* **Task**: With nothing left out, give the data back exactly.

(Crawled caption data)
--- START ---

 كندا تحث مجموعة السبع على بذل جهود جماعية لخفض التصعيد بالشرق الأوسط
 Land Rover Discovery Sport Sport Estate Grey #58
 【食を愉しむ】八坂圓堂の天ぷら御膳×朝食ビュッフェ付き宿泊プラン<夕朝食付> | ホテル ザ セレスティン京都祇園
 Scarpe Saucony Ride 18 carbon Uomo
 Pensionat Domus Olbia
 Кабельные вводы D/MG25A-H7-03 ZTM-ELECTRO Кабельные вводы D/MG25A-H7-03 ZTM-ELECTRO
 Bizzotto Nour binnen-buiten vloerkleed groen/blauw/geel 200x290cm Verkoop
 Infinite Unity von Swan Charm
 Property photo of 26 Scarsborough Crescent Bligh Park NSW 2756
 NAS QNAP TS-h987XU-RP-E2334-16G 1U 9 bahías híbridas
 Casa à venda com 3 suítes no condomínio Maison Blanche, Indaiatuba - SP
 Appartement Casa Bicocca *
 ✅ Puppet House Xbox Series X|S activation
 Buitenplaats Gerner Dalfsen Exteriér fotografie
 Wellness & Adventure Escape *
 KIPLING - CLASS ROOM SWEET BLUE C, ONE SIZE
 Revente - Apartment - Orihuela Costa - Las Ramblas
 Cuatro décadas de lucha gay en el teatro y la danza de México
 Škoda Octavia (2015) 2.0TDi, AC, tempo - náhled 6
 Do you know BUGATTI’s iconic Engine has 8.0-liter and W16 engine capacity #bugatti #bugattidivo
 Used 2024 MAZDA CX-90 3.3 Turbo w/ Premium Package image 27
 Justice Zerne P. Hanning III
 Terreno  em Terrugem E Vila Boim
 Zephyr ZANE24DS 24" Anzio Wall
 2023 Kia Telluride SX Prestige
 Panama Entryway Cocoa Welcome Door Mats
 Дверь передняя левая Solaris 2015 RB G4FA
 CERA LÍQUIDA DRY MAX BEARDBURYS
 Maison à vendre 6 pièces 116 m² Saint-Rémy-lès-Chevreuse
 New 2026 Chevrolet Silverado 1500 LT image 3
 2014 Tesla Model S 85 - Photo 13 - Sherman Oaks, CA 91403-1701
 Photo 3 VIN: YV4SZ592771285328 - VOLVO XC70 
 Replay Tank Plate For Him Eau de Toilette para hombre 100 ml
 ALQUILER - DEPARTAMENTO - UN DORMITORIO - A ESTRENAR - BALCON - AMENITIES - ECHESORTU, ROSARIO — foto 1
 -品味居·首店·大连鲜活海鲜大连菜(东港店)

--- END ---

* **Exercise result**:
 كندا تحث مجموعة السبع على بذل جهود جماعية لخفض التصعيد بالشرق الأوسط
 Land Rover Discovery Sport Sport Estate Grey #58
 【食を愉しむ】八坂圓堂の天ぷら御膳×朝食ビュッフェ付き宿泊プラン<夕朝食付> | ホテル ザ セレスティン京都祇園
 Scarpe Saucony Ride 18 carbon Uomo
 Pensionat Domus Olbia
 Кабельные вводы D/MG25A-H7-03 ZTM-ELECTRO Кабельные вводы D/MG25A-H7-03 ZTM-ELECTRO
 Bizzotto Nour binnen-buiten vloerkleed groen/blauw/geel 200x290cm Verkoop
 Infinite Unity von Swan Charm
 Property photo of 26 Scarsborough Crescent Bligh Park NSW 2756
 NAS QNAP TS-h987XU-RP-E2334-16G 1U 9 bahías híbridas
 Casa à venda com 3 suítes no condomínio Maison Blanche, Indaiatuba - SP
 Appartement Casa Bicocca *
 ✅ Puppet House Xbox Series X|S activation
 Buitenplaats Gerner Dalfsen Exteriér fotografie
 Wellness & Adventure Escape *
 KIPLING - CLASS ROOM SWEET BLUE C, ONE SIZE
 Revente - Apartment - Orihuela Costa - Las Ramblas
 Cuatro décadas de lucha gay en el teatro y la danza de México
 Škoda Octavia (2015) 2.0TDi, AC, tempo - náhled 6
 Do you know BUGATTI’s iconic Engine has 8.0-liter and W16 engine capacity #bugatti #bugattidivo
 Used 2024 MAZDA CX-90 3.3 Turbo w/ Premium Package image 27
 Justice Zerne P. Hanning III
 Terreno  em Terrugem E Vila Boim
 Zephyr ZANE24DS 24" Anzio Wall
 2023 Kia Telluride SX Prestige
 Panama Entryway Cocoa Welcome Door Mats
 Дверь передняя левая Solaris 2015 RB G4FA
 CERA LÍQUIDA DRY MAX BEARDBURYS
 Maison à vendre 6 pièces 116 m² Saint-Rémy-lès-Chevreuse
 New 2026 Chevrolet Silverado 1500 LT image 3
 2014 Tesla Model S 85 - Photo 13 - Sherman Oaks, CA 91403-1701
 Photo 3 VIN: YV4SZ592771285328 - VOLVO XC70 
 Replay Tank Plate For Him Eau de Toilette para hombre 100 ml
 ALQUILER - DEPARTAMENTO - UN DORMITORIO - A ESTRENAR - BALCON - AMENITIES - ECHESORTU, ROSARIO — foto 1
 -品味居·首店·大连鲜活海鲜大连菜(东港店)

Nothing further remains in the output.